Continúa con la crónica de drama y redención: «Pero ya no se apellida Tolstói. A semejanza de Carlos V, señor de dos mundos, que voluntariamente había depuesto las insignias del poder, a fin de sepultar en el sepulcro del Escorial, así Tolstói ha abandonado, conjuntamente con su dinero, hogar y renombre, también su apellido. Se llama ahora T. Nikolayev».
Ya no le basta con huir, ahora quiere ser ninguno. En el monasterio de Schatrina se despide de su hermana, teme ser reconocido y llevado a la fuerza a su hogar. Huye hacia Bulgaria, hacia el Cáucaso busca el horizonte de su soledad.

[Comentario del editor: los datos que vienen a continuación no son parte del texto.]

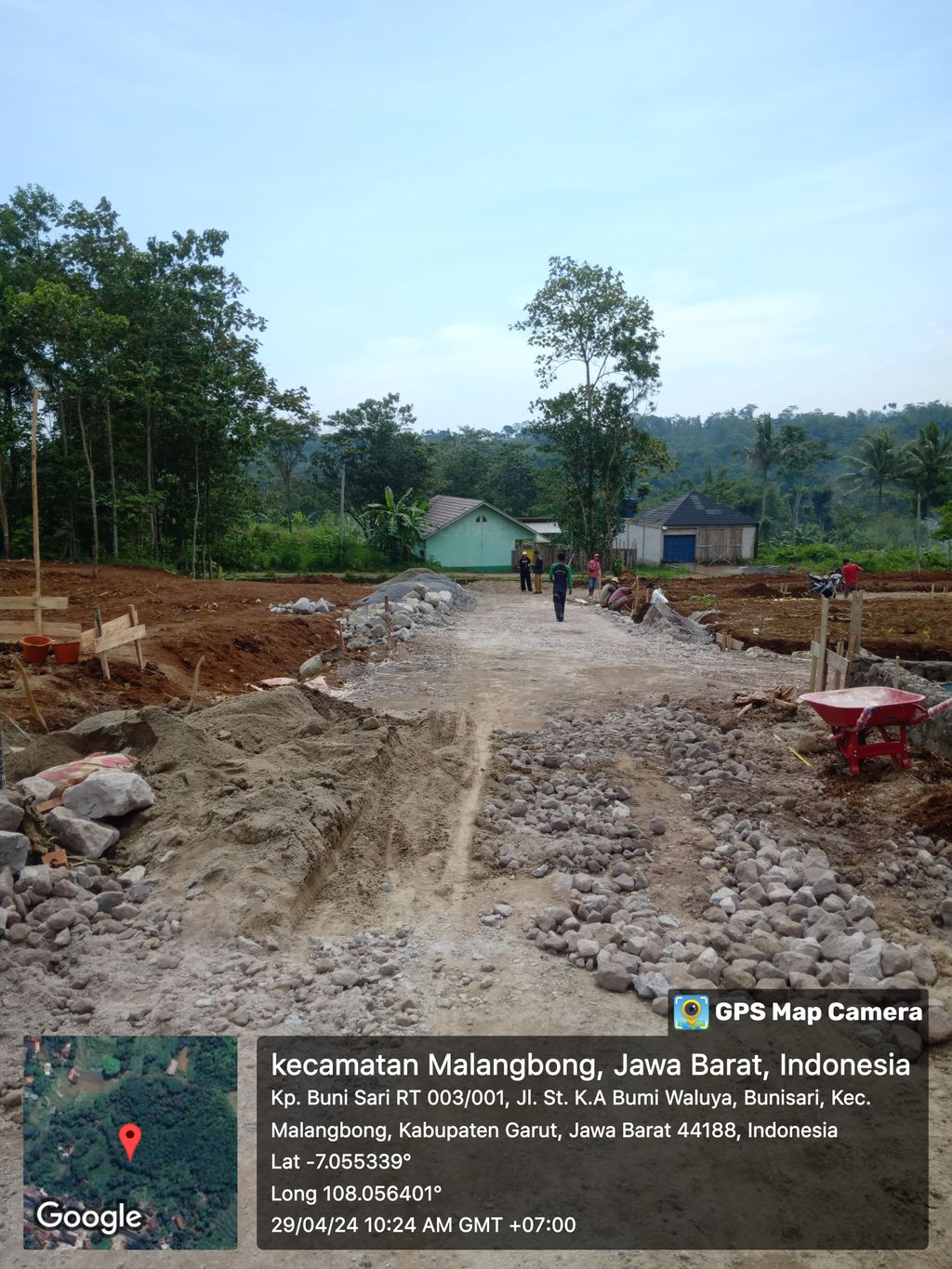 foto posisi tengah perumahan PERUMAHAN AKA LEWO PERMAI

Pero algo pasa en pleno tránsito de fuga:
«En Astapovo, una pequeñísima estación, tiene que hacer algo. El herido de muerte no puede proseguir. No hay ni una posada, ni un hotel, ningún departamento principesco donde poderlo albergar. Avergonzado, el jefe de la estación ofrece su vivienda, es una casa de madera, de un piso del cuerpo de la estación (lugar de peregrinación desde entonces para el mundo ruso) se transporta al enfermo hacia ella y, repentinamente, todo se ha realizado, todo eso que él ha soñado. Está en una pequeña pieza, baja y sombría llena de ratas y de pobreza, el catre de fierro, la escasa luz de la lámpara de petróleo.

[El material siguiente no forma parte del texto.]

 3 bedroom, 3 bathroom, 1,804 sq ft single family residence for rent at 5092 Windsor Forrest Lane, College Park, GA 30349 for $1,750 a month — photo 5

Está súbitamente a muchas leguas del lujo y de las comodidades ante las cuales ha huido. En su lecho de muerte, en el último instante, todo se le presenta como lo ha deseado en su voluntad íntima: limpio, sin escorias; cual relevante símbolo, la muerte se amolda a su mano maestra. En pocos días se ha elevado el grandioso edificio de esta muerte, símbolo afirmativo de su doctrina que ya no puede socavar la envidia humana ni puede turbarla ni destruirla en su sencillez primitiva».
Dios ha cumplido con el deseo final del escritor ruso como si hubiera dibujado un epitafio soberano sobre sus últimas horas. Continúa Zweig:
«Las cosas de la vida se van tornando siempre más confusas para esta vida, la más esclarecida de entre todos los hombres y, como deteniéndose va, circulando la sangre por las desfallecientes arterias. En la noche del cuatro de noviembre vuelve a incorporarse y exclama quejumbroso: «¿Pero los aldeanos cómo mueren?». Aun la vida indomable se resiste a la muerte no menos colosal. Solo el siete de noviembre, la muerte se apodera del inmortal. La cabeza de alba envoltura reposa sobre las almohadas y se apagan los ojos que con más clara visión han visto el mundo. Y ahora, por fin, el incansable investigador ha logrado conocer la verdad y la esencia de la vida».
Stefan Zweig nos ha mostrado al pecador, al sabio, al poeta y, finalmente, al santo. Ha resumido con elevada sapiencia los andares del alma y la experiencia de Tolstói. Ha logrado transfigurar y explicitar esa redención humana. En el último capítulo de la biografía, que lleva por título «Armonía final», concluye:
«Sólo gracias a la autorepresentación del artista, el alma humana se hace terrenalmente tangible y el genio adopta formas».